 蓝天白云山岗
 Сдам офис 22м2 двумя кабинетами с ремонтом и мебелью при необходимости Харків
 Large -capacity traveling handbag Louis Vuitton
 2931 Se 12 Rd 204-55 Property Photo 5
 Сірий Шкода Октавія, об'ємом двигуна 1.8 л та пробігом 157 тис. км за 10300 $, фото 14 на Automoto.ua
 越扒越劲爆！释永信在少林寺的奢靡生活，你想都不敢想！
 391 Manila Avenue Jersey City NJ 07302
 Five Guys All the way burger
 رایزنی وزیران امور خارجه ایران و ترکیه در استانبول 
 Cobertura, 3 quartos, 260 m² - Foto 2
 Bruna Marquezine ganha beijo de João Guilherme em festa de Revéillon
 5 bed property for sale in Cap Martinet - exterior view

--------------------

» **YOUR GOAL**: Each of the records should be written out again, exactly as it reads.

» **EXERCISE ANSWER**:
 蓝天白云山岗
 Сдам офис 22м2 двумя кабинетами с ремонтом и мебелью при необходимости Харків
 Large -capacity traveling handbag Louis Vuitton
 2931 Se 12 Rd 204-55 Property Photo 5
 Сірий Шкода Октавія, об'ємом двигуна 1.8 л та пробігом 157 тис. км за 10300 $, фото 14 на Automoto.ua
 越扒越劲爆！释永信在少林寺的奢靡生活，你想都不敢想！
 391 Manila Avenue Jersey City NJ 07302
 Five Guys All the way burger
 رایزنی وزیران امور خارجه ایران و ترکیه در استانبول 
 Cobertura, 3 quartos, 260 m² - Foto 2
 Bruna Marquezine ganha beijo de João Guilherme em festa de Revéillon
 5 bed property for sale in Cap Martinet - exterior view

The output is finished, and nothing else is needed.